Wi-Fi uses both single carrier direct-sequence spread spectrum radio technology (part of the larger family of spread spectrum systems) and multi-carrier OFDM (Orthogonal Frequency Division Multiplexing) radio technology. These regulations then enabled the development of Wi-Fi, its onetime competitor HomeRF, and Bluetooth.
Unlicensed spread spectrum was first made available by the Federal Communications Commission in 1985 and these FCC regulations were later copied with some changes in many other countries enabling use of this technology in all major countries. The FCC action was proposed by Michael Marcus of the FCC staff in 1980 and the subsequent controversial regulatory action took 5 more years. It was part of a broader proposal to allow civil use of spread spectrum technology and was opposed at the time by main stream equipment manufacturers and many radio system operators.

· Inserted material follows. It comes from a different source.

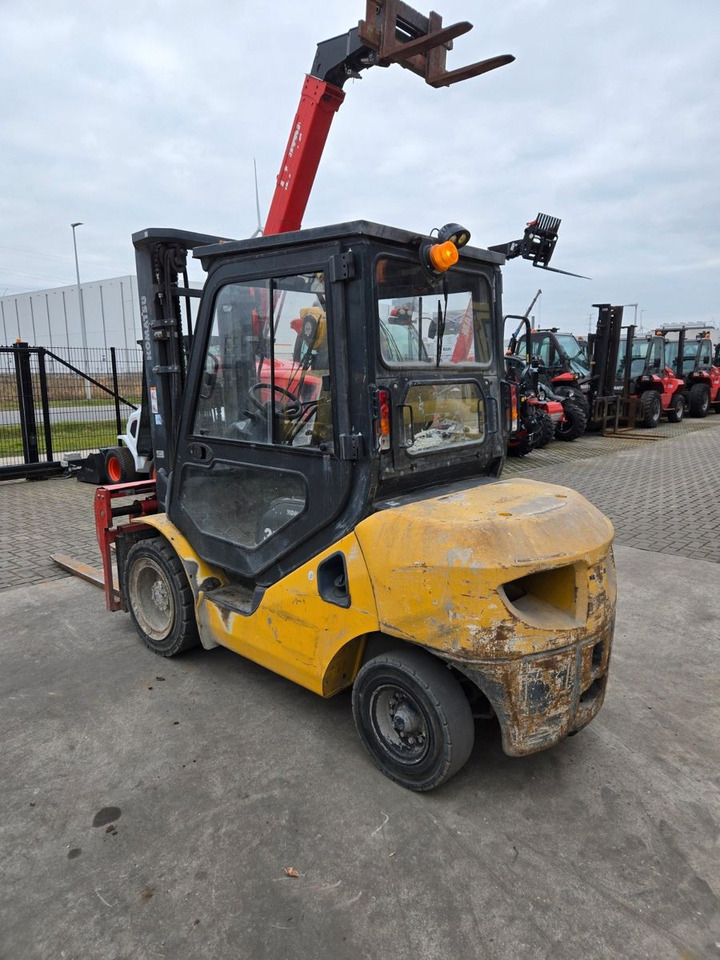 Komatsu FD30T-17 - מלגזת סולר: תמונה 4 Komatsu FD30T-17 - מלגזת סולר: תמונה 4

The precursor to Wi-Fi was invented in 1991 by NCR Corporation/AT&T (later Lucent & Agere Systems) in Nieuwegein, the Netherlands. It was initially intended for cashier systems; the first wireless products were brought on the market under the name WaveLAN with speeds of 1 Mbit/s to 2 Mbit/s. Vic Hayes, who held the chair of IEEE 802.11 for 10 years and has been named the 'father of Wi-Fi,' was involved in designing standards such as IEEE 802.11b, 802.11a and 802.11g.
 Origin and meaning of the term 'Wi-Fi'
Despite the similarity between the terms 'Wi-Fi' and 'Hi-Fi', statements reportedly made by Phil Belanger of the Wi-Fi Alliance contradict the popular conclusion that 'Wi-Fi' stands for 'Wireless Fidelity.' According to Mr. Belanger, the Interbrand Corporation developed the brand 'Wi-Fi' for the Wi-Fi Alliance to use to describe WLAN products that are based on the IEEE 802.11 standards. In Mr. Belanger's words, "Wi-Fi and the yin yang style logo were invented by Interbrand. We (the founding members of the Wireless Ethernet Compatibility Alliance, now called the Wi-Fi Alliance) hired Interbrand to come up with the name and logo that we could use for our interoperability seal and marketing efforts. We needed something that was a little catchier than 'IEEE 802.11b Direct Sequence'."
One possibility for the origin of the actual term is a simplified spelling of "Wi-Phy" or "Wireless Physical Network Layer".
The Wi-Fi Alliance themselves invoked the term 'Wireless Fidelity' with the marketing of a tag line, "The Standard for Wireless Fidelity," but later removed the tag from their marketing. The Wi-Fi Alliance now seems to discourage propagation of the notion that 'Wi-Fi' stands for 'Wireless Fidelity', but it has been referred to as such by the Wi-Fi Alliance in White Papers currently held in their knowledge base:
"... a promising market for wireless fidelity (Wi-Fi) network equipment."
"A Short History of WLANs... The association created the Wi-Fi (Wireless Fidelity) logo to indicate that a product had been certified for interoperability."